From top to bottom, reproduce the listing without a single change.
⟨
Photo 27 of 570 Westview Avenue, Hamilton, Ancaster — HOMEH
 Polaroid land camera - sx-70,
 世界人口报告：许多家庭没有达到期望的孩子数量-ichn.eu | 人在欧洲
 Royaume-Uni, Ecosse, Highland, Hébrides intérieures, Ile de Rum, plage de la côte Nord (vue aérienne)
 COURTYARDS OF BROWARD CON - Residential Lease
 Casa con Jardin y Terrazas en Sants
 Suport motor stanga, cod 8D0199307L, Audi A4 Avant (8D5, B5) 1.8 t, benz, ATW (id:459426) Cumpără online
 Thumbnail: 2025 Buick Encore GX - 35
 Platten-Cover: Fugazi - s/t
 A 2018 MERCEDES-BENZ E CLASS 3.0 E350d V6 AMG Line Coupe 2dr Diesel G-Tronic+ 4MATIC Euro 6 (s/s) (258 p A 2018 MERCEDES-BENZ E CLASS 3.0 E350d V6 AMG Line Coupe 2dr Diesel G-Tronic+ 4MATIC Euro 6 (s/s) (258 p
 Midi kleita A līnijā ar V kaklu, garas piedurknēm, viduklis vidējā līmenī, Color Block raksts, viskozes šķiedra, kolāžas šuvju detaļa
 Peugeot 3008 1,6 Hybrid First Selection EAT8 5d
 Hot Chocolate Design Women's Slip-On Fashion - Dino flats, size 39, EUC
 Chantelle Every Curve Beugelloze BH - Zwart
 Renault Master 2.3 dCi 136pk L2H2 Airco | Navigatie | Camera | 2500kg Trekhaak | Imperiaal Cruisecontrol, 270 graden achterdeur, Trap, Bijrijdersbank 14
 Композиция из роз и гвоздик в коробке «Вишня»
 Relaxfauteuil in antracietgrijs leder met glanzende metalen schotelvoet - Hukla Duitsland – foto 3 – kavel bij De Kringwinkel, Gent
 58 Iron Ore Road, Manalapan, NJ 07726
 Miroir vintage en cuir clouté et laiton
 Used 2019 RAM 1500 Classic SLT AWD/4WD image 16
⟩
## Reply
Photo 27 of 570 Westview Avenue, Hamilton, Ancaster — HOMEH
 Polaroid land camera - sx-70,
 世界人口报告：许多家庭没有达到期望的孩子数量-ichn.eu | 人在欧洲
 Royaume-Uni, Ecosse, Highland, Hébrides intérieures, Ile de Rum, plage de la côte Nord (vue aérienne)
 COURTYARDS OF BROWARD CON - Residential Lease
 Casa con Jardin y Terrazas en Sants
 Suport motor stanga, cod 8D0199307L, Audi A4 Avant (8D5, B5) 1.8 t, benz, ATW (id:459426) Cumpără online
 Thumbnail: 2025 Buick Encore GX - 35
 Platten-Cover: Fugazi - s/t
 A 2018 MERCEDES-BENZ E CLASS 3.0 E350d V6 AMG Line Coupe 2dr Diesel G-Tronic+ 4MATIC Euro 6 (s/s) (258 p A 2018 MERCEDES-BENZ E CLASS 3.0 E350d V6 AMG Line Coupe 2dr Diesel G-Tronic+ 4MATIC Euro 6 (s/s) (258 p
 Midi kleita A līnijā ar V kaklu, garas piedurknēm, viduklis vidējā līmenī, Color Block raksts, viskozes šķiedra, kolāžas šuvju detaļa
 Peugeot 3008 1,6 Hybrid First Selection EAT8 5d
 Hot Chocolate Design Women's Slip-On Fashion - Dino flats, size 39, EUC
 Chantelle Every Curve Beugelloze BH - Zwart
 Renault Master 2.3 dCi 136pk L2H2 Airco | Navigatie | Camera | 2500kg Trekhaak | Imperiaal Cruisecontrol, 270 graden achterdeur, Trap, Bijrijdersbank 14
 Композиция из роз и гвоздик в коробке «Вишня»
 Relaxfauteuil in antracietgrijs leder met glanzende metalen schotelvoet - Hukla Duitsland – foto 3 – kavel bij De Kringwinkel, Gent
 58 Iron Ore Road, Manalapan, NJ 07726
 Miroir vintage en cuir clouté et laiton
 Used 2019 RAM 1500 Classic SLT AWD/4WD image 16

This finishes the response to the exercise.